What's the alternative for `find -type d` on Mac?

1

On Linux find -type d works to list all sub directories, ignoring files.

However when I run this on a Mac (High Sierra) I get the error: find: illegal option -- t.

On delving into the googles, I hadn't found any obvious alternative for a command line equivalent except for answers suggesting that I use ls and parse the output via grep, or have solutions for GUI apps or for the non command line users (via finder, etc.).

The usecase would be to pipe this output to a fuzzy finder which expects a newline separated list of items. For example I can accomplish this with files and ripgrep with: rg --files -g "" | fzy. Ripgrep doesn't seem to support a --folders option or the like from my cursory browse on the github issue tracker.

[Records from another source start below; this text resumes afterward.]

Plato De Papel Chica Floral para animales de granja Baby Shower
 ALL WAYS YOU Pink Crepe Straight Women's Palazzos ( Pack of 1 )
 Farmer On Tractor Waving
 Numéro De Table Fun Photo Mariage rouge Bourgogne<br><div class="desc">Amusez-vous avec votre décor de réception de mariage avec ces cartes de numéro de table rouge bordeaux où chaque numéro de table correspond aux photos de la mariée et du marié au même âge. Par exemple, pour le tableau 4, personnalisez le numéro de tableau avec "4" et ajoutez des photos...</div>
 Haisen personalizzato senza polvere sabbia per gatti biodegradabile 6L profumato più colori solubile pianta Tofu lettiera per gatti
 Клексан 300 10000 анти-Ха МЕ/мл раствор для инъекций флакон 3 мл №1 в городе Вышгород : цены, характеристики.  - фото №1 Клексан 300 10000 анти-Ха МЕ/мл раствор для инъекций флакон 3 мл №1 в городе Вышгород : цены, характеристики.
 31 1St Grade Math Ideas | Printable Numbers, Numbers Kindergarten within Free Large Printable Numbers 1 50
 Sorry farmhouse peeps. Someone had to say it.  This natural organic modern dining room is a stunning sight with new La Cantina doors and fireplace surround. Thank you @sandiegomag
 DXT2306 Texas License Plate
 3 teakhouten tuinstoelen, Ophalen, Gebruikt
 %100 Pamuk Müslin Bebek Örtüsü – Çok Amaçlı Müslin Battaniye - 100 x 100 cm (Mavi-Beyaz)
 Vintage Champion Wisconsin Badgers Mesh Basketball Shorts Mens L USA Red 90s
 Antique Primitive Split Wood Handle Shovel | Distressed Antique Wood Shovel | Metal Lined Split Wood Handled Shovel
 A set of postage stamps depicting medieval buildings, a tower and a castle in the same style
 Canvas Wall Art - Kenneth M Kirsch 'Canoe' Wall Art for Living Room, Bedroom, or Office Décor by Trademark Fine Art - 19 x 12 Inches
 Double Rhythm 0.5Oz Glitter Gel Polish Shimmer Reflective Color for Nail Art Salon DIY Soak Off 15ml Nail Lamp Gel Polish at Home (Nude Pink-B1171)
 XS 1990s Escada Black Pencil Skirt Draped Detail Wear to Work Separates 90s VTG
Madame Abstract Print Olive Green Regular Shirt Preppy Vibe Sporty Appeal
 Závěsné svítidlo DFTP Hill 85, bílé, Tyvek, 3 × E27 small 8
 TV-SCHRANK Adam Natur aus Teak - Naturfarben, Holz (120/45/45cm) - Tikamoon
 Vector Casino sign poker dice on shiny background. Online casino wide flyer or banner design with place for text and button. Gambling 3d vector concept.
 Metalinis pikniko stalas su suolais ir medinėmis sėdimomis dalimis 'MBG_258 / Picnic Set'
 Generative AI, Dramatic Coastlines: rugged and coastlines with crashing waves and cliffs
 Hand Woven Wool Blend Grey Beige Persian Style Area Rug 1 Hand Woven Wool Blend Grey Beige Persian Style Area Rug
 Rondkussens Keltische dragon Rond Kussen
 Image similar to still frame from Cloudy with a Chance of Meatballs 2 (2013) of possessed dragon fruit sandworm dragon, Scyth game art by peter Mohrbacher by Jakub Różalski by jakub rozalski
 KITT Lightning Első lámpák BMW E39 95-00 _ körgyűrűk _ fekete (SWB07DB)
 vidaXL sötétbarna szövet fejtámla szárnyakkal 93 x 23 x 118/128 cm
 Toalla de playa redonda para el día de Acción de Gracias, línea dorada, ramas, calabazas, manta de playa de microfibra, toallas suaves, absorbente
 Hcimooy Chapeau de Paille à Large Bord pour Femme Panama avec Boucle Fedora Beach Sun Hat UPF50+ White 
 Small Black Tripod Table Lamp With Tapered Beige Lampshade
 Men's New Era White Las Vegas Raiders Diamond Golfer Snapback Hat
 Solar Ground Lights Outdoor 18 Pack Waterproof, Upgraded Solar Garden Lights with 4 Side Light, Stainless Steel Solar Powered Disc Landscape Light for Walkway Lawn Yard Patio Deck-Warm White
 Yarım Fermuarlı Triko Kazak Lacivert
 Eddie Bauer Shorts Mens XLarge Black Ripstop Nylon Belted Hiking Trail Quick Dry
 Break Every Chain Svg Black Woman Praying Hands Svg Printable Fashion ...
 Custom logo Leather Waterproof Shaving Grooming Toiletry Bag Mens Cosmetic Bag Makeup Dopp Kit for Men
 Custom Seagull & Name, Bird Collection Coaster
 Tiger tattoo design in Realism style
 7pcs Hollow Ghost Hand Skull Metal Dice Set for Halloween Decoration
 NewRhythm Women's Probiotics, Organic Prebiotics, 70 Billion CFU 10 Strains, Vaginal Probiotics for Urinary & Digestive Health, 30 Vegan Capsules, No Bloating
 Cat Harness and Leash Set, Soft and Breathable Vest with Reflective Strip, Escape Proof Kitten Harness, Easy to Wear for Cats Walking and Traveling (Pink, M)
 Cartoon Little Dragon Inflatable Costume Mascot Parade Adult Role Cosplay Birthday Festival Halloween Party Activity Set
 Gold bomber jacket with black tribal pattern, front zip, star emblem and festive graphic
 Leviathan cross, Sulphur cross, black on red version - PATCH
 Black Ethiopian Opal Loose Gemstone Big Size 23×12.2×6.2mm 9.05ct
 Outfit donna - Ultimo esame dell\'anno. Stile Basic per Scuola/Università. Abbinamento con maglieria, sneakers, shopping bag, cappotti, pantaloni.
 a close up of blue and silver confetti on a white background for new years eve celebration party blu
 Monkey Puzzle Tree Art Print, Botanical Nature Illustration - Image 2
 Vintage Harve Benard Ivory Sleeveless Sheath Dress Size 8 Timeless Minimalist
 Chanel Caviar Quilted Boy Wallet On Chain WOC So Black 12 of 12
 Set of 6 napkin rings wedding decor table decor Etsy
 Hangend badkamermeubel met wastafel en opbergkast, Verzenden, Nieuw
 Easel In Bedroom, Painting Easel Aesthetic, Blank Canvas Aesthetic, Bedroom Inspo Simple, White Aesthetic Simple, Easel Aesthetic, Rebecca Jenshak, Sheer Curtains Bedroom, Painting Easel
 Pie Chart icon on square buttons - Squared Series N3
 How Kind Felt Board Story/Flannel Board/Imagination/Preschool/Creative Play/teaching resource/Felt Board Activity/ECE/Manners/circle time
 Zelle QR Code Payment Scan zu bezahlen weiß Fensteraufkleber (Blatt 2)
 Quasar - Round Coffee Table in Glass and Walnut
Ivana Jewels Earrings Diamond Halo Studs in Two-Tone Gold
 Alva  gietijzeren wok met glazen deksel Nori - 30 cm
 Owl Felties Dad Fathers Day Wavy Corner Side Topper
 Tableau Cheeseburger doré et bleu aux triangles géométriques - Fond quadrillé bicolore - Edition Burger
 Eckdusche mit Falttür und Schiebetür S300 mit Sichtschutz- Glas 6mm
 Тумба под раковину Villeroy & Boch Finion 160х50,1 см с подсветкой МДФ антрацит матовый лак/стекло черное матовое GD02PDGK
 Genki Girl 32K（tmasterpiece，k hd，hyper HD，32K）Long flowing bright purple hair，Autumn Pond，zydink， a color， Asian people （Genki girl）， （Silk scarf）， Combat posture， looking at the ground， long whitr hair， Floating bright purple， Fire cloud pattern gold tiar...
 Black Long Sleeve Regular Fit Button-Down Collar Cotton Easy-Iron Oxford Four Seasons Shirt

On Linux find -type d | fzy "just works". Up to installing other packages, but I really hoped for something that just comes preinstalled.

I can get away from this with some scripting, but I'd love to hear about a best practice here.

Senjai

Posted 2018-05-13T21:23:49.937

Reputation: 133

Answers

6

I think your find does understand -type d because this is required by POSIX. However the syntax you used:

find -type d

is not POSIX-compliant, thus not portable. The proper portable syntax is:

find path -type d

Linux versions of find will assume ./ if you omit path. On Mac find expects something like this:

find [-H | -L | -P] [-EXdsx] [-f path] path ... [expression]
find [-H | -L | -P] [-EXdsx] -f path [path ...] [expression]

You want -type to be a part of expression but your find needs path or -f path in its command line arguments. Before it gets one, it tries to interpret other arguments as options, so your -type is in fact -t -y -p -e; there is no -t option defined, thus illegal option -- t.

(Compare this answer).

The solution is simple: specify a path explicitly. Mac equivalent of Linux find -type d is:

find ./ -type d

Note this works in Linux as well.

Kamil Maciorowski

Posted 2018-05-13T21:23:49.937

Reputation: 38 429

I've always used the dot without the slash and it works fine (I never realised it even worked without the dot in Linux). I'm just curious if this is a bad habit in general? – paradroid – 2018-05-13T22:24:08.660

2

@paradroid Probably not a bad habit. I just tend to add trailing slash to indicate the object is a directory. In some circumstances this can make a difference though.